After pushing out of Lock 9 the crew had a little over an hour to go before docking in Marquette just before dark. Turned out to be a good day on the water with minimal delays. Once docked the skipper got the power cord plugged in and the Admiral took charge of flipping on the breakers and turning on the heaters.
The wind howled all night long making for a sleepless night. When the skipper climbed out of bed and checked the weather it was an easy decision to stay put today. The winds are 17 mph with gust to 28. It looks as though the gusts are blowing most of the time though. With the temperature at 37 at 0700 and the high only 41, this would NOT be a good day to be out on the water, especially since there would be at least 2 locks to manage.
While the skipper was checking the weather though he tripped over this notice from the Corps of Engineers: “As of this morning, Locks 16, 17, 18, 20, 21 and 22 on the Mississippi River were closed due to flooding. Water levels at these sites have become high enough that water is starting to flow over and through the lock structures.”
Well that certainly messes up the plans for the path south. Kind of reminds the skipper of an ole song though …….. snow to the north of me, closed locks to the south, here I am stuck in Iowa with you.
Well, well, well, things seem to be getting worse down stream. The crew had made reservations to go on down to the transient dock in Dubuque to spend the weekend and wait for the locks to open. The marina is behind a flood gate and the flood gate is closed. On the bright side, at least the crew is not stuck behind the flood gate.
Rumors have started that it might be two weeks before the water crests and the Locks reopen. The skipper has reached out to the Army Corps of Engineers to try and get the scoop on reopening, but has not heard back from the Corps yet.

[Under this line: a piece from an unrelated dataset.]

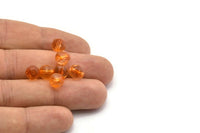 Vintage Peach Beads, 10 Vintage Glass Faceted Peach Beads  (7mm) Cv377   CF31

Scratch that, the skipper got a non-response response back from the Corps. Verbatim response, “Hello David. Each lock does have a level that it has to reach before it can reopen. Those levels are not published anywhere but we will be posting updates as water levels fall and the locks reopen.”
But on the bright side again, Al and Ruth of the Tortuga called and graciously volunteered to come and visit the crew on Saturday. They also volunteered to take the crew on a Walmart run to re-provision. The ships stores would get mighty low if they end up stuck here in Marquette for two weeks.
Al and Ruth arrived late morning and came aboard for a little bit. The crews last met on Mackinac Island, and since then Al and Ruth have crossed their wake and earned that coveted Gold Flag. Consequently, there were many stories to share before re-provisioning.
Thanks Al and Ruth for your kind offer of a provisioning run!
Under the category of: “No good deed goes unpunished”..…….
As Al and Ruth went to back their car out of the marina parking lot, an extremely long train that had been parked for a crew transfer decided to also leave town. Because the train was just getting started, it was moving at a snails pace. But fast enough to block the roadway so that Al and Ruth could not leave.
After the crew got the new supplies loaded on the boat, Al and Ruth were still waiting for the train to pass. So the skipper could not resist this next shot of Al and Ruth waiting for the train after helping the crew.
Nope, no end in sight
The skipper talked with the marina in Dubuque and moved their reservation to October 21 and 22. He will check back with the marina late next week to see if they have the flood gate back open or not. Once they open the flood gate to the marina, the crew will drift south.
He will also be monitoring the flood levels at the Locks to determine when the Locks open back up for business. It looks to be at least a week away.
Lastly he will keep an eagle eye on the weather. The long range forecast continues with the lows near freezing and the highs approaching 50. Not the best weather to be boating in, but it is manageable.
Once the Locks open, the crew will make a bee line south travelling as far as they can each day chasing warmer temperatures.